‘Cowboys & Aliens’ Bears Influence of Cosmic Cowgirls

“Cowboys & Aliens” isn’t the first western crossbred with science fiction, with “Westworld,” “Wild Wild West,” “Jonah Hex,” and even “Back to the Future Part III” to name a few. Most sci-fi westerns dealt with time travel, but rarely the possibility of an extraterrestrial invasion. With Jon Favreau’s adaptation of the “Cowboys & Aliens” graphic novel, it’s easy to get caught up in novelty. But what did cowboys think when they gazed up into what would have been spectacularly dark skies?

“Cowboys & Aliens” takes place in 1873, around the time some intriguing alien ideas were cropping up. Jules Verne’s novel “Around the Moon” was published in 1870 with characters discussing the possibility of life on the Moon. It was in 1873 that Lewis Page Mercier actually translated Verne’s French novel, a sequel to “From the Earth to the Moon,” into English.

In England, polymath William Whewell theorized about water and life on Mars in 1854. Whewell is known for coining the term “scientist” to more accurately define natural philosophers. Whewell’s theories about life on Mars influenced American astronomer Percival Lowell, who theorized that a series of canals had been built on Mars. The canals were also observed by Italian astronomer Giovanni Schiaparelli, but better telescopes eventually debunked these observations.

It did bring the term “Martians” into popular use, which at the time was reference to beings from Mars but became broadly used for extraterrestrials from anywhere. It was these Martian theories from Lowell, Schiaparelli, and Whewell that author H.G. Wells based his 1898 novel “The War of the Worlds” on. That was science fiction, though, and in the late 19th century woman astronomers were making serious contributions.

Henrietta Swan Leavitt proposed groundbreaking theories about the luminosity of stars while working at the Harvard Observatory. These theories fueled Edwin Hubble’s discoveries that changed our view of the universe by observing galaxies beyond our own. Also working at the Harvard Observatory was Annie Jump Cannon, who discovered and cataloged more stars than anyone in history at the time.
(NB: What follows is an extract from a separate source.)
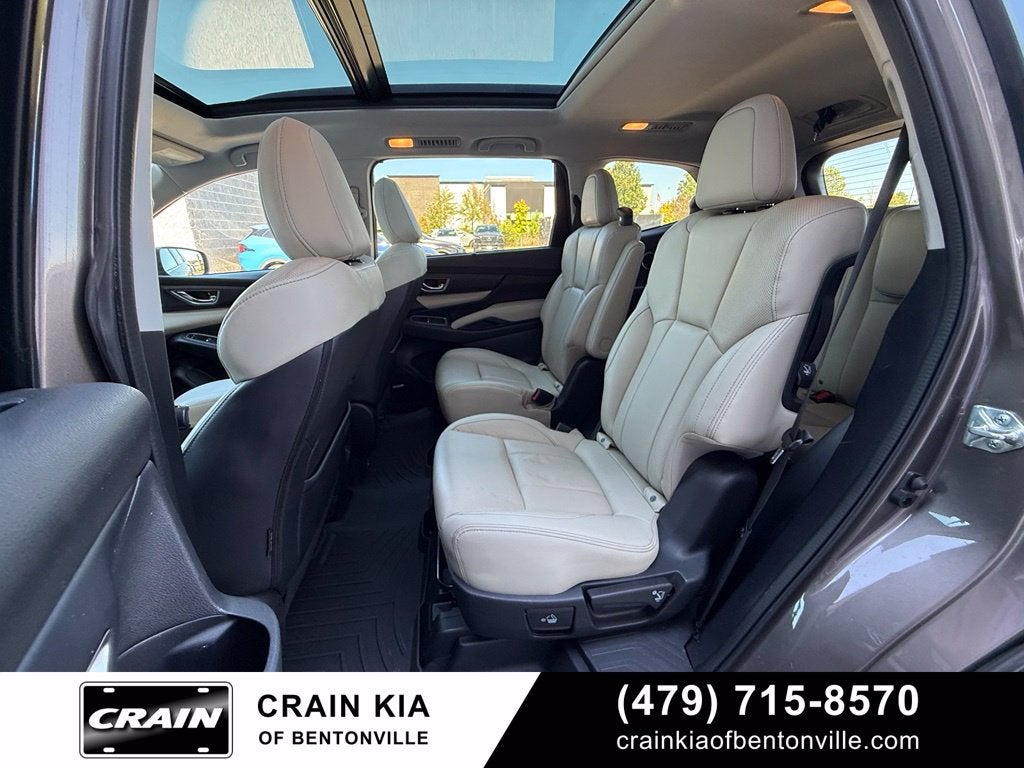 2021 Subaru Ascent Limited - AWD / PANORAMIC SUNROOF / CLEAN CARFAX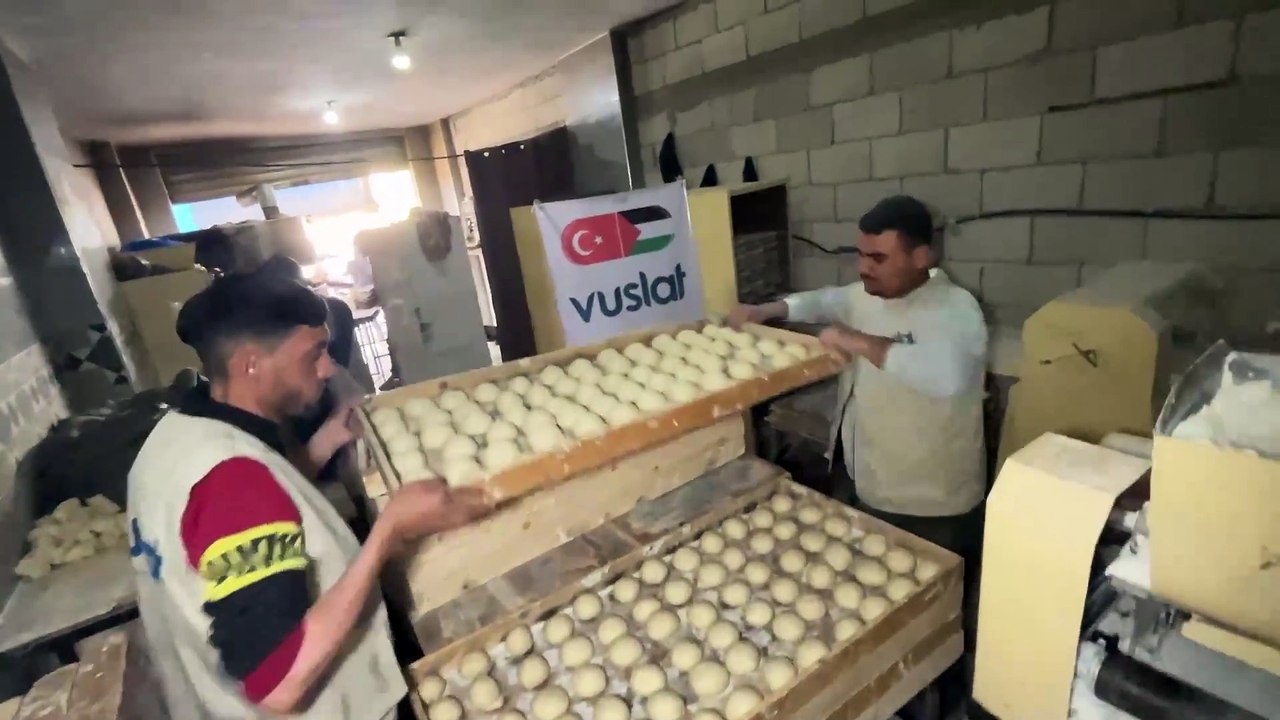 Gazze Ekmek Dağıtımı | Vuslat Derneği 2025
These “celestial computers” and “ladies of luminosity” were collectively and degradingly known as “Pickering’s Harem.” It was Edward Pickering who opened the Harvard Observatory to women in 1877, where they studiously searched the cosmos. The story goes that in Pickering’s frustration with a male assistant, he claimed his housekeeper could do a better job — literally. Said housekeeper was Williamina Fleming, who was one of 40 women Pickering hired to compute and catalog stellar observations.

The first American woman to be regarded as a professional astronomer was Maria Mitchell. She discovered a comet in 1847 and became director of the Vassar Observatory in 1865. While male astronomers of the late 19th century were dreaming up Martian canals, the underpaid women of astronomy were taking leaps of progress in spectral observations and cataloging.

This has a certain resonance to “Cowboys & Aliens” in that a woman plays the key role in defeating the invaders. (Spoiler Alert) While Ella Swenson, played by Olivia Wilde, isn’t exactly human, it’s interesting that she takes on the feminine form. Her character is like an embodiment of the cosmic understanding that women brought to astronomy at the time. In retrospect, amongst all the machismo and head-nodding between Harrison Ford and Daniel Craig, the more interesting female character reflects a substantial piece of 19th century astronomy.